> [Captioned web image data]
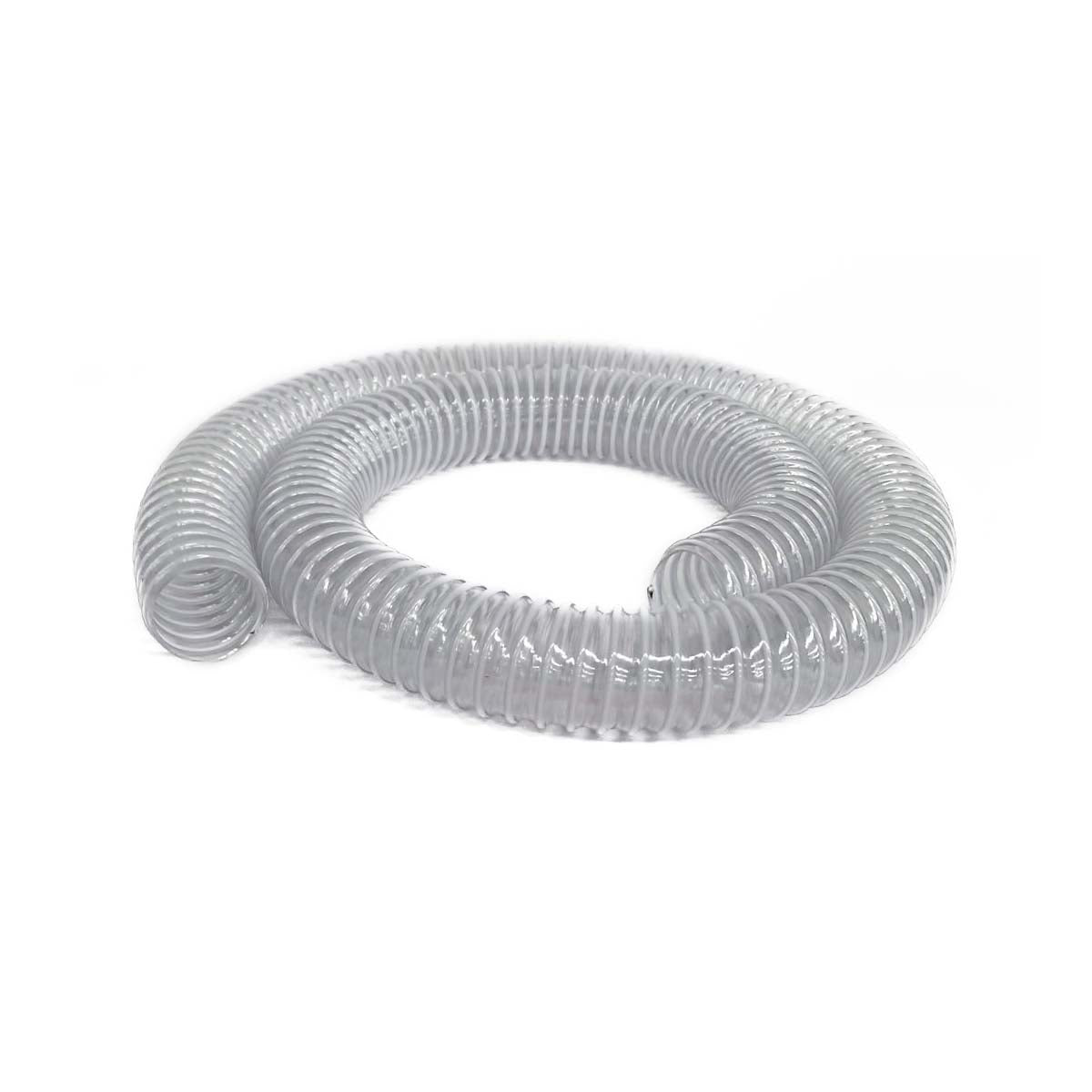 FAST 1.25" High Output Hose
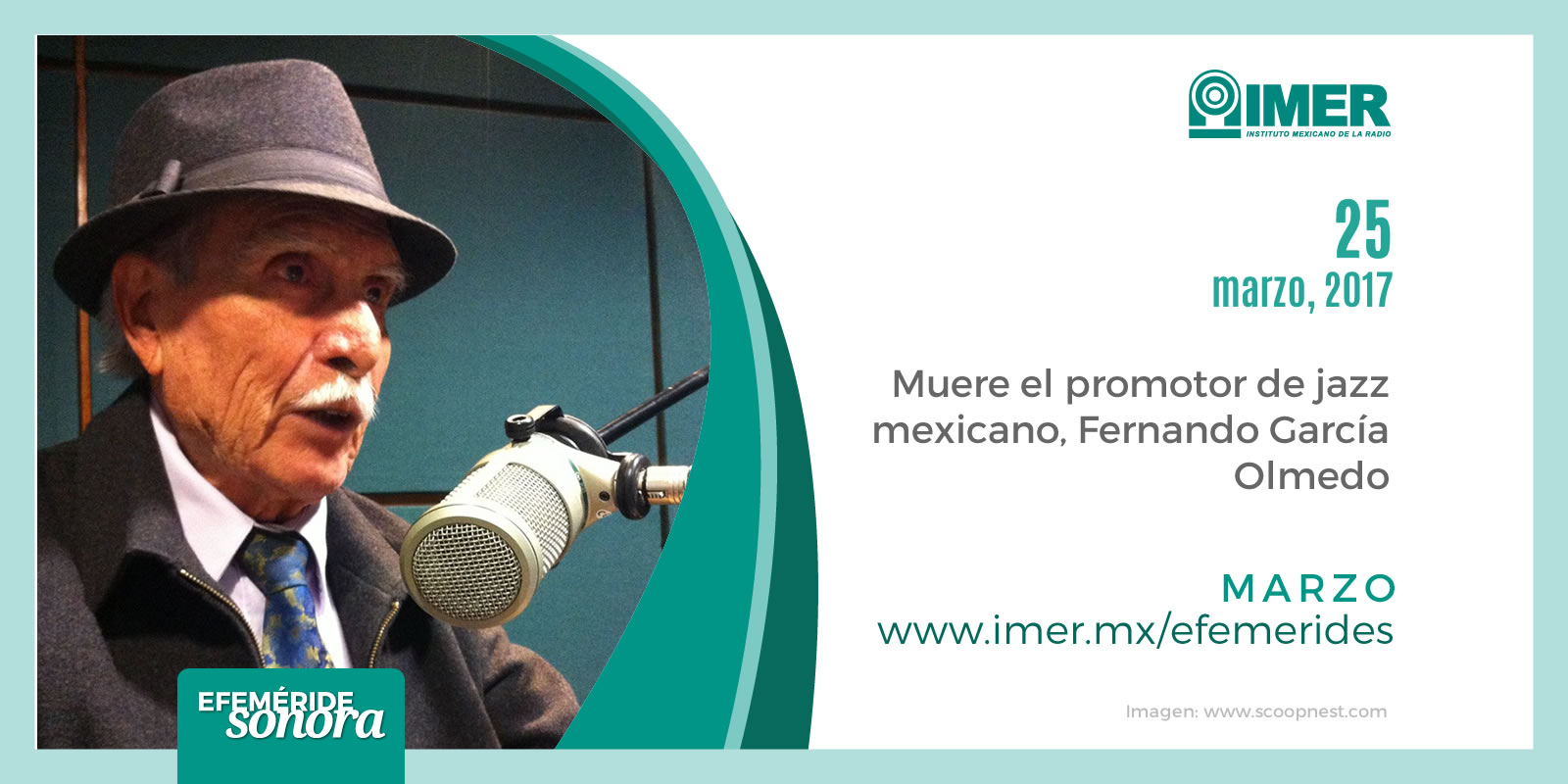 25marzo_FernandoGarciaOlmedo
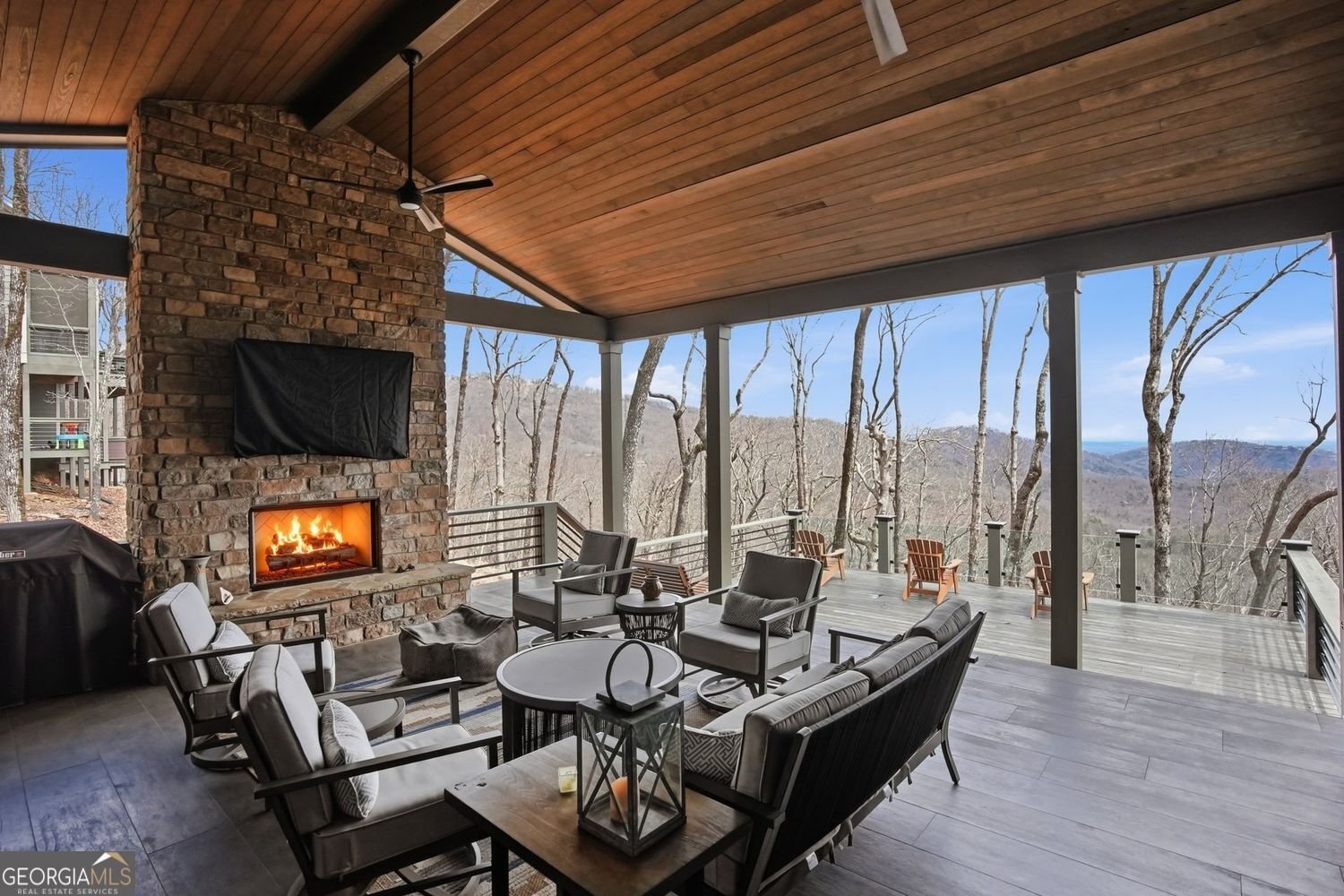 7207 Ridgeview Drive Jasper - Photo 38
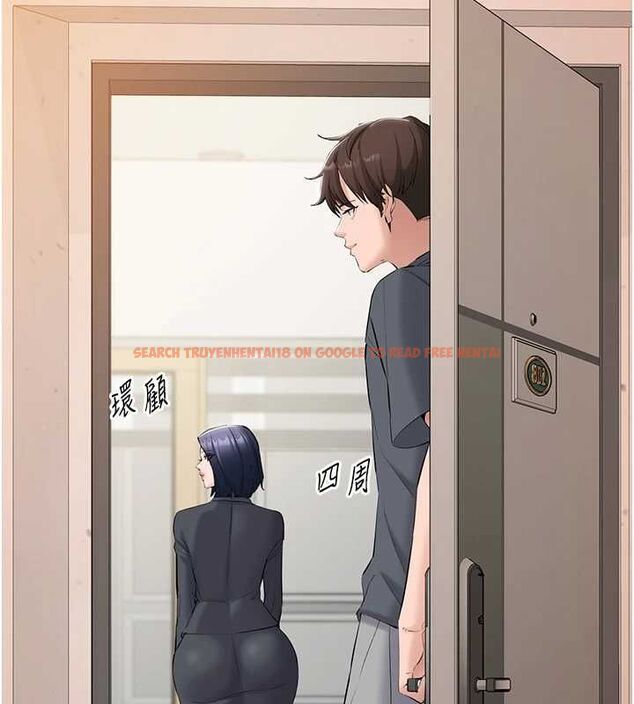 查看漫画為民服務App - 第13話-人妻專屬秘密任務 - sayhentaiz.net中的4608695图片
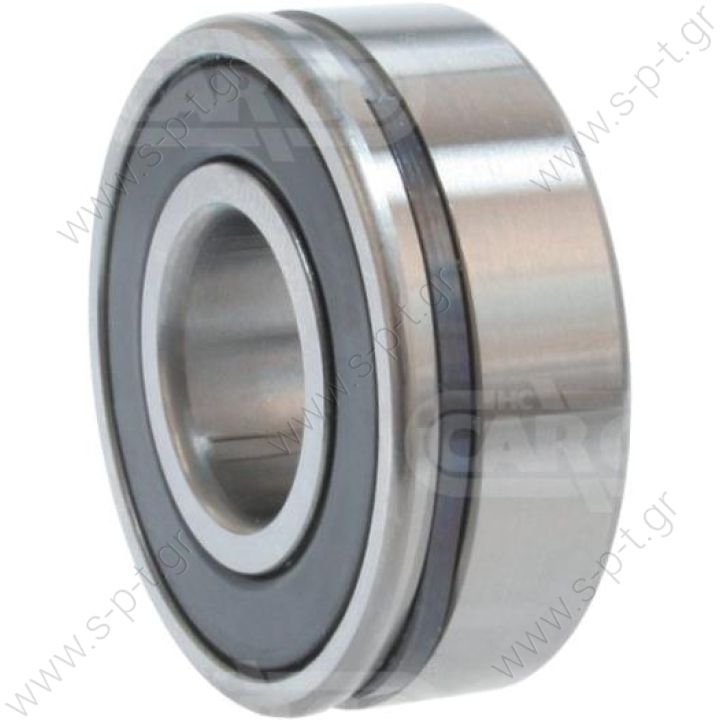 B15-69D NSK ΡΟΥΛΕΜΑΝ  Replacing 140414	 CARGO 23120-57300	 NISSAN 6202NCD	 HITACHI 6202ncd	 SKF 6202ncdg	 HITACHI 6202nct	 HITACHI b15-69d	 NSK s930p18301	 MITSUBISHI s930p18370	 MITSUBISHI s930p64301	 MITSUBISH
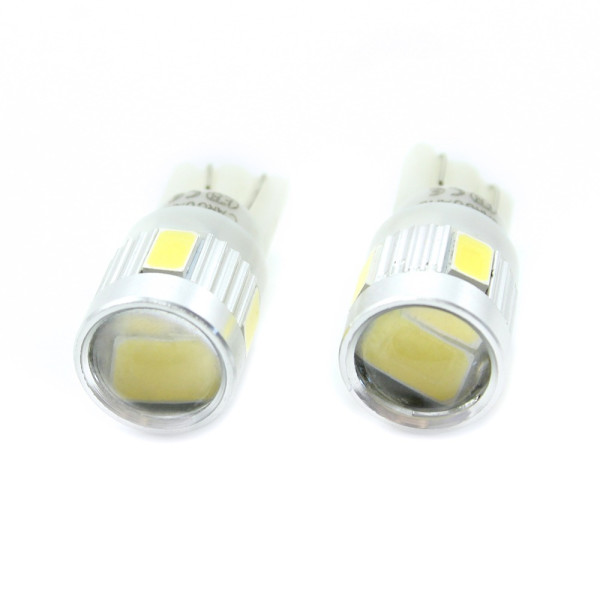 LED pentru iluminat interior /portbagaj ǀ CLD013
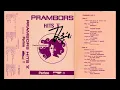 Lagu PRAMBORS HITS V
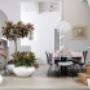 # 1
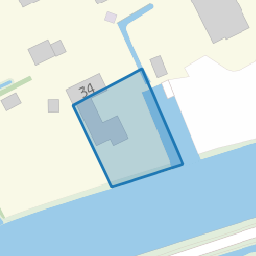 Perceel MDM02-A-1650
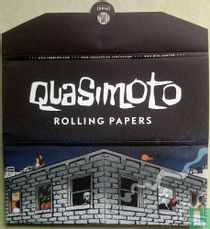 QUASIMOTO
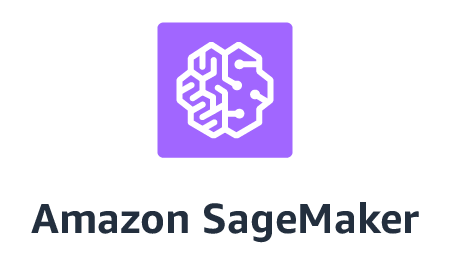 amazon sagemaker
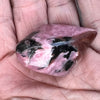 Rhodonite ~ Specialty Crystal
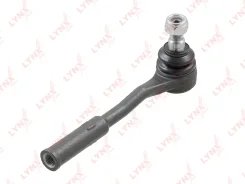 ���������� ������� ���� Mercedes-BENZ S-Class (W220) 98- Lynxauto C4187LR C4187LR ����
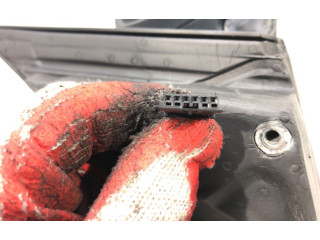 Зеркало электрическое BMW X3 E83 2003 - 2010 года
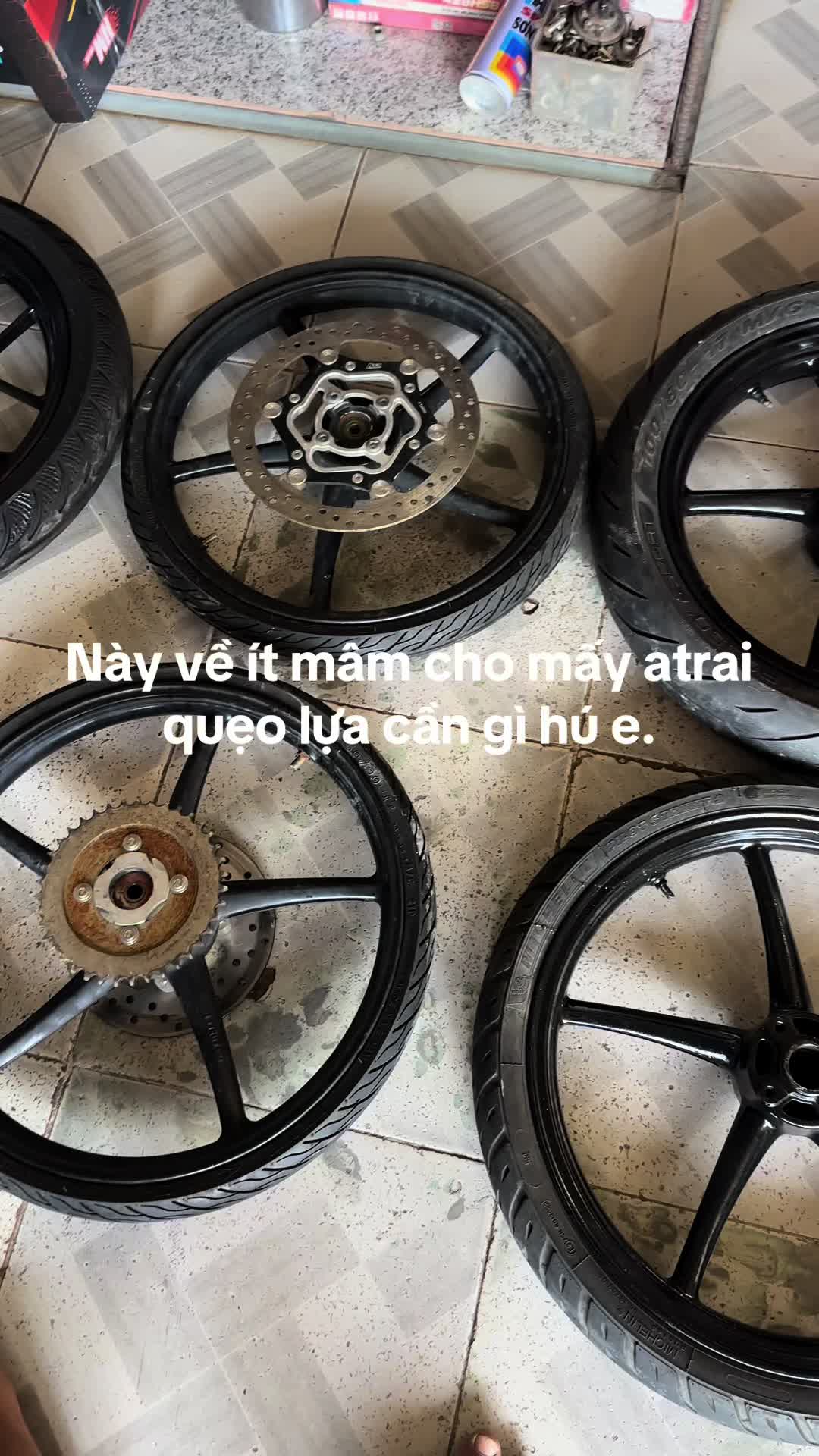 @Minh t&agrave;ii shop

> [The task] Write out exactly the lines above, from the very first through the line containing "查看漫画為民服務App - 第13話-人妻專屬秘密任務", both kept, with the pictures removed.

> [Expected output]
 FAST 1.25" High Output Hose
 25marzo_FernandoGarciaOlmedo
 7207 Ridgeview Drive Jasper - Photo 38
 查看漫画為民服務App - 第13話-人妻專屬秘密任務 - sayhentaiz.net中的4608695图片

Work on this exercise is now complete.